I am going to hold to a routine and set days to come see the other 2 and i am not going to force anything on dd2. One day in the week in the evening and 1 day weekend..where he can take them out, if dd2 wants to go.
Even my current dp..soon to be husband in june, makes more of an effort and connects with her and takes her out etc.
Its just heartbreaking to see him treat her like that. I had a huge row with him last night over it.

OP posts:
10IAR · 11/03/2019 16:13

I'm glad she has your DP to show her the way her father should treat her. That's great.

It's a horrible situation for you all OP, I'm glad she has you in her corner. I hope it all works out for you all (except him, he's a dick)

supermommyof4 · 11/03/2019 16:21

10IAR he is great with all of them but more so with her. She was 3 when we got together, he also has a lot of understanding for her as he is dyslexic too.
Takes her and his son to a local wrestling show which she loves.
I try to have one to ones with all my kids.
Even if its just a movie night!!
I mean she has so many great qualities shes very maternal and caring especially of the younger children on the estate and our nieces and nephews..highly protective.
Shes creative and has a big imagination.
Loves cinema dates. I dont understand why he cant do something arty with her or take her to watch a movie she will enjoy..to build their relationship, i dont understand why he doesnt want to connect with her or even ask her how school has been etc.

OP posts:
supermommyof4 · 11/03/2019 16:25

Also just for more info. I am not particularly well myself. I have hypothyroidism that isnt under control and fibromyalgia.
But i feel its my job to protect her from harm be it physical or emotional and i am not going to sit there whilst he has a pop at her and let him do it. He really didnt like it that i had said something.

OP posts:
10IAR · 11/03/2019 17:27

For what it's worth OP, you're doing everything you can in the face of severe fuckwittery.

She has a positive male role model who loves her, a Mum who is juggling so much but still has her back and a happy home filled with love.

You're awesome. He's a dick. But she'll be ok, that much I'm sure of because she has you and her stepdad.

(DS1 has ASN and a shit dad and his stepdad has stepped right up)

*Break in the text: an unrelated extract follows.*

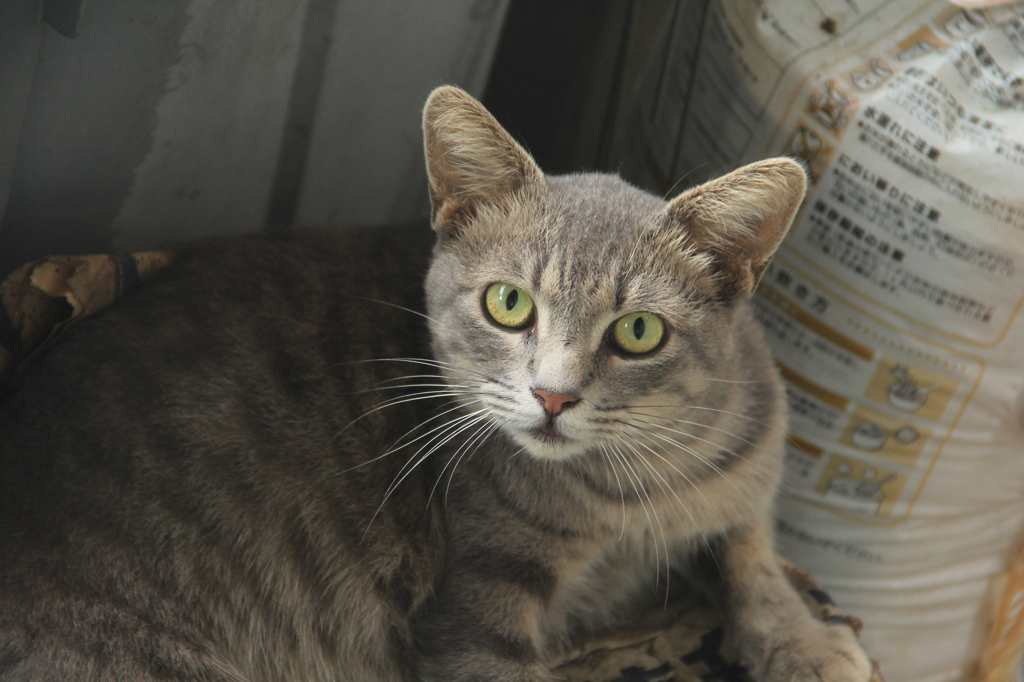 庭の野良猫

supermommyof4 · 11/03/2019 21:47

Thank you 10IAR
I actually really needed that. Feeling very low today so thank you.

OP posts:
TwoRoundabouts · 11/03/2019 21:53

Your children are old enough so he can arrange to see your children himself. If they don't want to see him then it's his tough luck for being a shit parent.

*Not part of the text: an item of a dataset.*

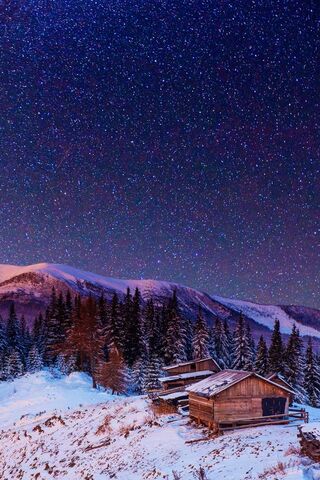 Whispers of the Night Sky 🌌✨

Please don't force your children to see him if they don't want to.

10IAR · 12/03/2019 06:39

supermommyof4 Flowers for you.

I know how bloody demoralising it is when the ex just cannot behave like a decent human and blames all his flaws and fuck ups on you. Their inadequacy is their own fault, nobody else's.

But aye, I also know how much it hurts when the child/children bear the brunt of it.

The way you speak about your children it's very clear how loved they are, as individuals and as your children. That is something to be proud of.

supermommyof4 · 19/03/2019 12:57

Update. Well he seems to have taken on board what i said. How long this will last i dont know, took them out ice skating disco friday evening and is taking ds2 cinema weds night as ice skating aint his thing.